* _Task data_:
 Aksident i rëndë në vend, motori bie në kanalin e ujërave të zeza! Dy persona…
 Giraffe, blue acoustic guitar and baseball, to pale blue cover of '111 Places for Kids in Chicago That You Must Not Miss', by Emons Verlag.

---

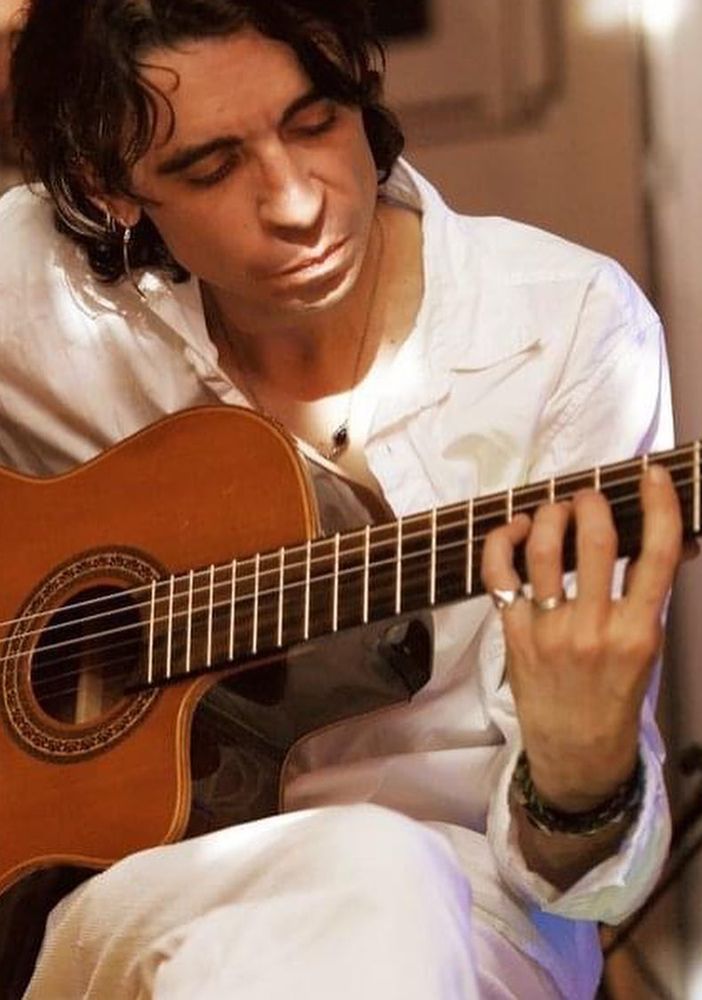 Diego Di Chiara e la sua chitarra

* _Problem to solve_:
Once you reach the line with "Aksident i rëndë" in the data above, copy it and every line after it exactly, up to and including the line with "Giraffe, blue acoustic".

* _Output_:
 Aksident i rëndë në vend, motori bie në kanalin e ujërave të zeza! Dy persona…
 Giraffe, blue acoustic guitar and baseball, to pale blue cover of '111 Places for Kids in Chicago That You Must Not Miss', by Emons Verlag.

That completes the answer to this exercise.